BACKGROUND
I have vectors with some sample data, and each vector has a category name (Places, Colors, Names).
['john','jay','dan','nathan','bob'] -> 'Names'
['yellow', 'red','green'] -> 'Colors'
['tokyo','bejing','washington','mumbai'] -> 'Places'
My goal is to prepare a model that will take a new input line and predict which category it belongs to. For example, if the new input is “purple,” then I should be able to predict “Colors” as the correct category. If the new entry is Calgary, it should predict the Places as the correct category.
AN APPROACH
I did some research and came across Word2vec . This library has a "similarity" and "largest" function that I can use.
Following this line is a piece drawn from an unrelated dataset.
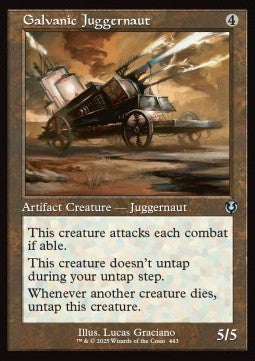Juggernaut Galvanico - Innistrad Remastered: Extras (Uncommon) [XINR-443]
So, one brute force approach that I was thinking about is this:
- Take a new input.
- Calculate its similarity to each word in each vector and take the average value.
So, for example, to enter “pink” I can calculate its similarity with the words in vector “names”, take the average value, and then do it for the other two vectors. The vector that gives me the highest average of similarities will be the correct input vector that should belong.
Release
Given my limited knowledge of NLP and machine learning, I am not sure if this is the best approach, and therefore I am looking for help and suggestions on the best approaches to solving my problem. I am open to all suggestions, and please also point out any errors that I may have made, as I am new to computer training and the world of NLP.